Paul Goldberger, one of the nation's most eminent writers in the field of architecture, design and urbanism, has been the architecture critic at The New Yorker magazine since July 1997. As The New Yorker's architecture critic, he continues the magazine's celebrated Sky Line column, a position once held by Lewis Mumford and more recently by Brendan Gill. He is the author of several books, including the text for The World Trade Center Remembered, which was recently published by Abbeville Press, and Manhattan Unfurled, published by Random House. He is now at work on a book that will tell the story of the redevelopment of the site of the World Trade Center in Lower Manhattan, to be published by Random House in 2004, and he is also writing a book on the experience of looking at architecture.
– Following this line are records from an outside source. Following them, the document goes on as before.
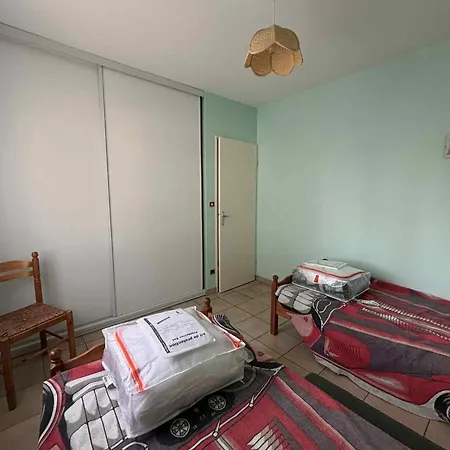 Maison 6 Pers A 250m De La Avec Animaux Admis! - Fr-1-194-448 Holiday home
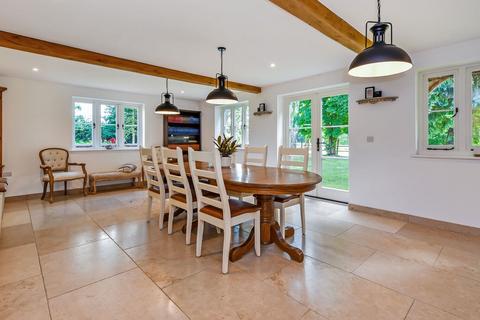 5 bedroom detached house for sale, Nutleys, Kilmeston, Alresford, Hampshire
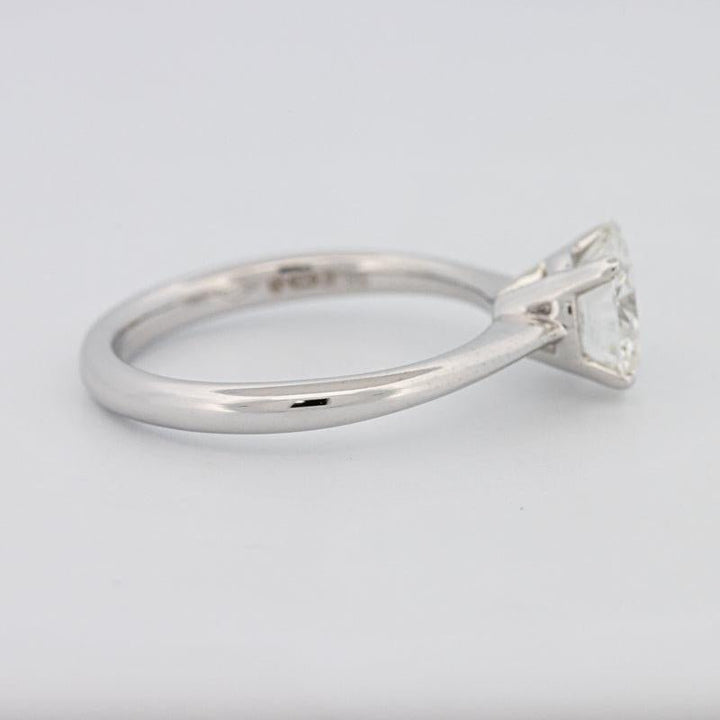 "Diana" Solitaire - ZIZOV DIAMONDS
He joined The New Yorker in July of 1997, following a 25-year career at The New York Times, where he won a Pulitzer Prize in 1984 for his architecture criticism, the highest award in journalism. He joined the staff of The Times in 1972, the year of his graduation from Yale, and he was named the paper's daily architecture critic in 1973. In 1990 he was named cultural news editor, and in 1994 he became the newspaper's chief cultural correspondent.
He lectures widely around the country on the subject of architecture, design, historic preservation and cities, and for several years taught architecture criticism at the Yale School of Architecture. In the spring of 2004 he will be teaching a course on covering Ground Zero and large-scale urban reconstructions at the School of Journalism at the University of California at Berkeley. He has also served as a special consultant to several major cultural and educational institutions, including the Morgan Library in New York, the Corcoran Gallery of Art in Washington, D.C., the Carnegie Science Center in Pittsburgh and the Ross Institute in East Hampton, New York, where he has organized and directed the process of selecting an architect. He also serves as an advisor to Cornell University on campus architecture and planning matters.
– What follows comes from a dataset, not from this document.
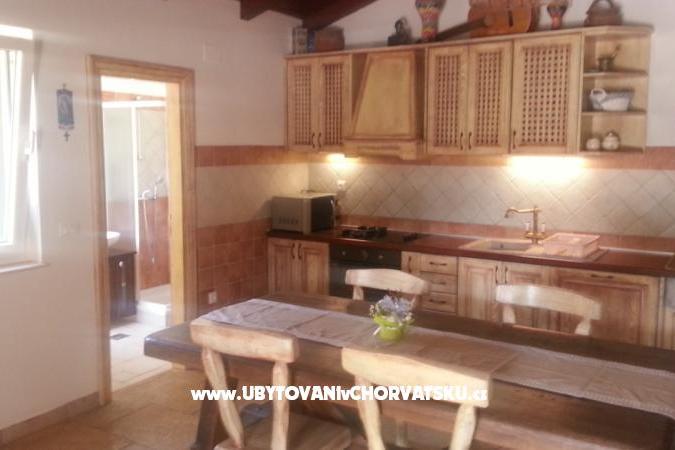 Bosana apartments – фото 6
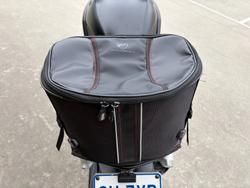 2015 DUCATI DIAVEL DARK STEALTH Black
In addition to the Pulitzer Prize, his writing has received numerous awards including the President's Medal of the Municipal Art Society of New York, the medal of the American Institute of Architects, and the Medal of Honor of the New York Landmarks Preservation Foundation, awarded in recognition of what the Foundation called the nation's most balanced, penetrating and poetic analyses of architecture and design. He has also received the Roger Starr Journalism Award from the Citizens Housing and Planning Council; the Award of Merit of the Lotos Club, presented to writers of distinction; and in 1993 was named a Literary Lion, the New York Public Library's tribute to distinguished writers. In May, 1996, New York City Mayor Rudolph Giuliani presented him with the New York City Landmarks Preservation Commission's Preservation Achievement Award in recognition of the impact of his writing on historic preservation in New York.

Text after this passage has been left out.